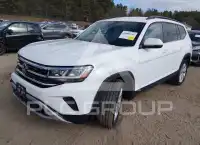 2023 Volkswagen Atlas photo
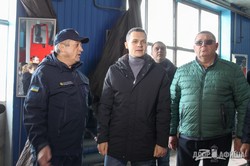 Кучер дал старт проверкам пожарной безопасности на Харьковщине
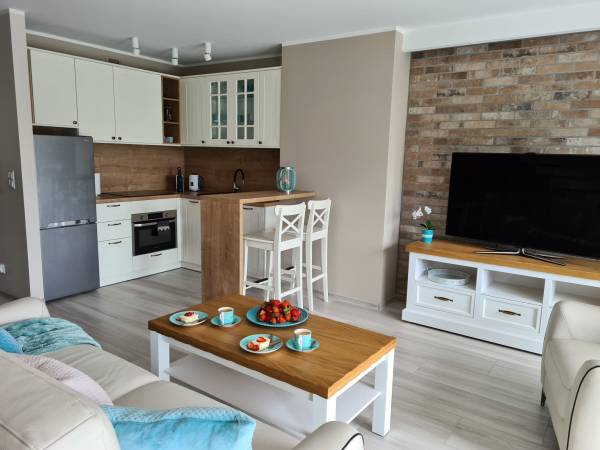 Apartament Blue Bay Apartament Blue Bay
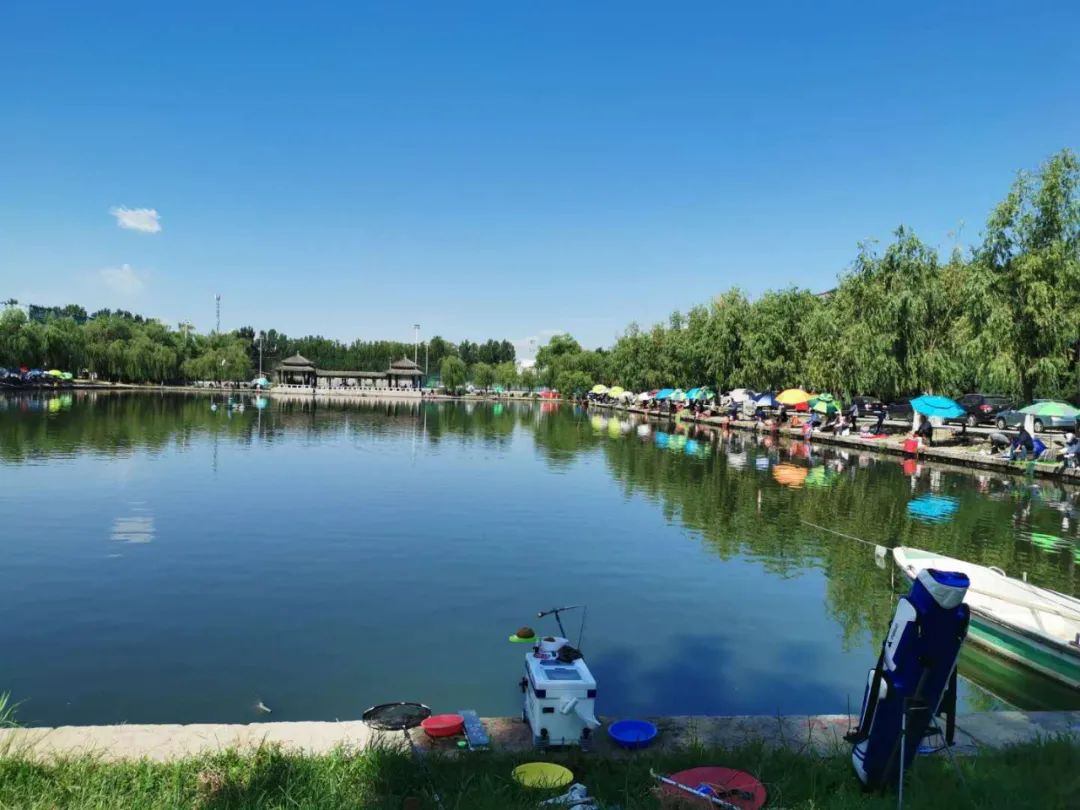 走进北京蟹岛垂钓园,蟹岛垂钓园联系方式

Work to complete
In the listing above, transcribe exactly the lines from the line containing "Кучер дал старт" through the last one, both included, but not the pictures.

Response below
 Кучер дал старт проверкам пожарной безопасности на Харьковщине
 Apartament Blue Bay Apartament Blue Bay
 走进北京蟹岛垂钓园,蟹岛垂钓园联系方式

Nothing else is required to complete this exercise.